Foucault (Le gouvernement de soi et des autres) señalaba cuatro condiciones para la palabra libre (parresia) en la democracia ateniense. En primer lugar, las garantías jurídicas. En segundo lugar, el ascendiente del orador sobre su público. En tercer lugar, el discurso verdadero, es decir, no utilizar la libertad para adular al público. En cuarto lugar, para hablar se necesitaba coraje, sentido del riesgo y capacidad de asumir las consecuencias. Foucault se concentra en Pericles y no se plantea un segundo las condiciones sociales para acceder a la palabra, ni los trucos simbólicos que fabrican el carisma de los dominantes. Pese a todo, el filósofo francés es siempre sugerente aunque su cuadrilátero de la palabra libre en Atenas no ve nada de las diferencias sociales en el acceso a la palabra. Al Foucault de los años 1980, no se le podía pedir mucho al respecto: había firmado las paces "estructurales" con el capitalismo (sin renunciar a su mejora). Y sus razones tenía aunque yo no las comparta.
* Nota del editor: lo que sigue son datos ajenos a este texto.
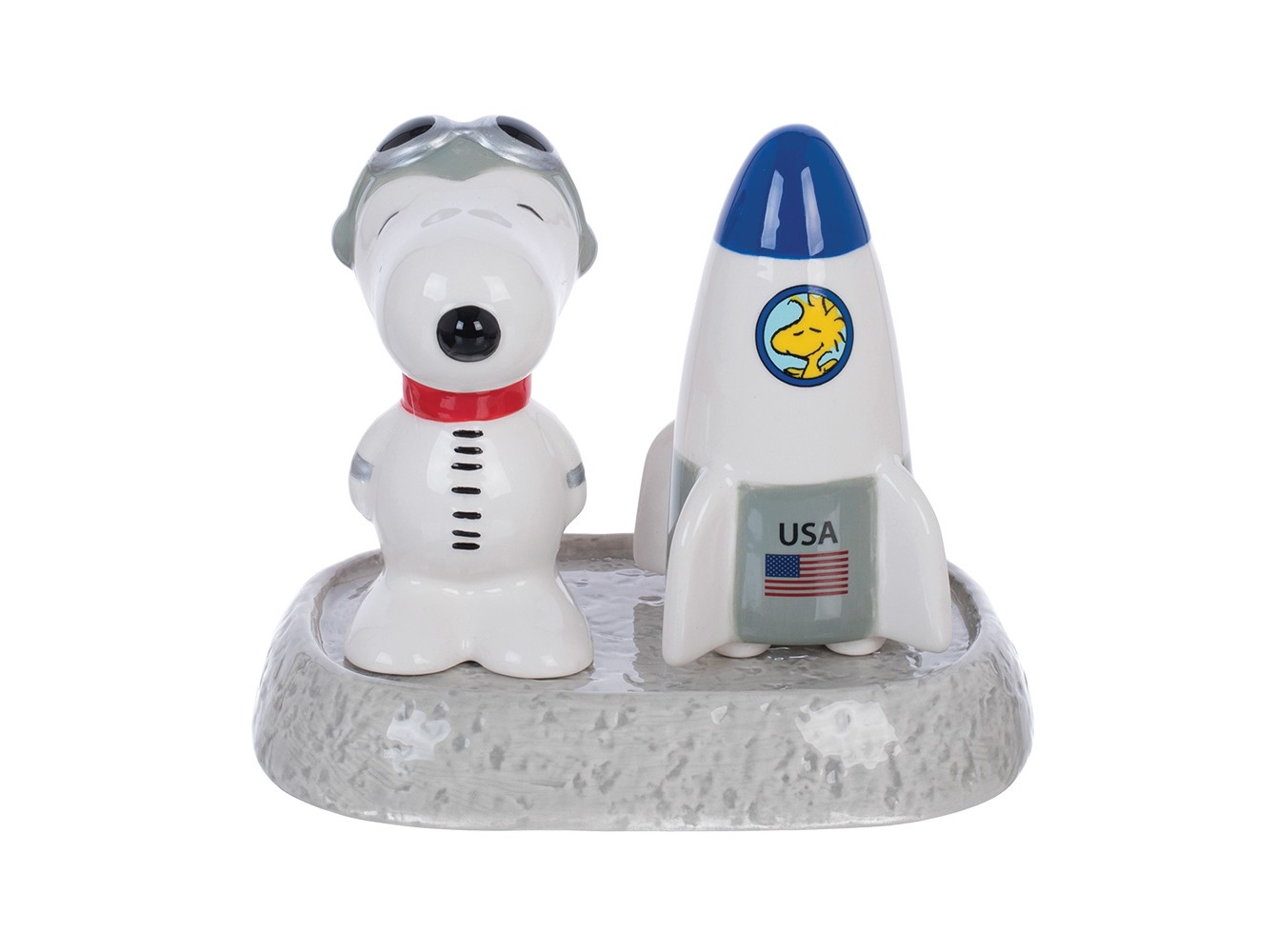 楽天市場 Peanuts Astronaut Snoopy Salt Pepper アストロノーツ スヌーピー ソルト ペッパー 塩 こしょう入れ 宇宙飛行士 50周年記念 宇宙 Nasa 調味料入れ Sky Life With Flying Dog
Marcelino Camacho vivió buena parte de su vida sin garantías jurídicas. Sin duda, las compensaba su creencia en el socialismo y de ella sacaba vigor para oponerse a la dictadura. Según algunos, Marcelino tenía una fe totalitaria. No se enteran (podrían leer a Hannah Arendt a la que citan sin leer). Asimilar Marcelino con Corea del Norte es como reducir el liberalismo a las justificaciones jeffesornianas (y ni siquiera Jefferson merece ser reducido sólo a eso) del genocidio de los indios o al imperialismo que devastó África. Marcelino no tenía una visión omnisciente de lo que pasaba en la URSS –si es que todo lo que pasaba era tan malo, cosa harto dudosa con un mínimo de ética científica- pero sabemos cómo se ejercitaba en los debates internos y tenemos todo el derecho a suponer que su socialismo era tan totalitario como esclavista el liberalismo de Rajoy: es decir, para nada. El liberalismo coquetea con la esclavitud asalariada de la que hablaba el de Treveris y el socialismo con la dictadura (y "dictadura, ni la del proletariado", como dijo el secretario general del partido de Marcelino), pero son mucho más que eso. Y han dado de sí mucho más que eso.
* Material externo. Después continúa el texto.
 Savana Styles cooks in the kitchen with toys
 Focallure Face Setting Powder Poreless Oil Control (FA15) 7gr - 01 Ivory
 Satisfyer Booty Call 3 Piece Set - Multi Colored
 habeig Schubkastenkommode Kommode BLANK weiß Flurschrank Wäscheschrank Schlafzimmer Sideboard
Como militante, según Nicolás Sartorius, Marcelino era un demócrata: un hombre que no soportaba los “y punto” y siempre decía que, menos humos tajantes y que, al menos, “punto y coma”. El ascendiente de Marcelino era sin duda su honradez y su apariencia austera. Ese trabajo sobre sí mismo lo hacía convincente. Y no, como dicen algunos carotas y apologetas de la doblez, porque fuera un fraile sino porque un decir que no sea en parte, en buena parte, un hacer es un hierro de madera. ¿Cuál era la verdad de Marcelino? Ver la realidad desde el punto de vista de los trabajadores, no desde la democracia del pueblo de señores que no se interrogan un segundo sobre las condiciones sociales de acceso a la palabra libre. El marxismo ayuda a ver esa dimensión de la experiencia social, pero sin el marxismo también se puede captar con la misma virulencia. Un análisis que considere que el trabajo es un asunto de contrato privado es una pura y simple legitimación de la dominación de clase. No hace falta ser comunista para verlo y sólo un ideólogo disparatado consideraría que eso nos lleva a Ceaucescu. Sobre su coraje, en fin, Marcelino representaba una valentía sosegada, firme, testaruda y emotiva pero no bronquista. Yo lo recuerdo en Linares, hablando en el ayuntamiento, como un tribuno contundente y racional que nada tenía que ver con el macarrismo al uso en muchos políticos de hoy.
Sin duda, para la parresia de los tiempos modernos, Marcelino Camacho es un modelo más interesante que Pericles. Y, por qué no, también para la de los antiguos. Como ha dicho alguien, un padre fundador de nuestra democracia. No lo olvidaremos.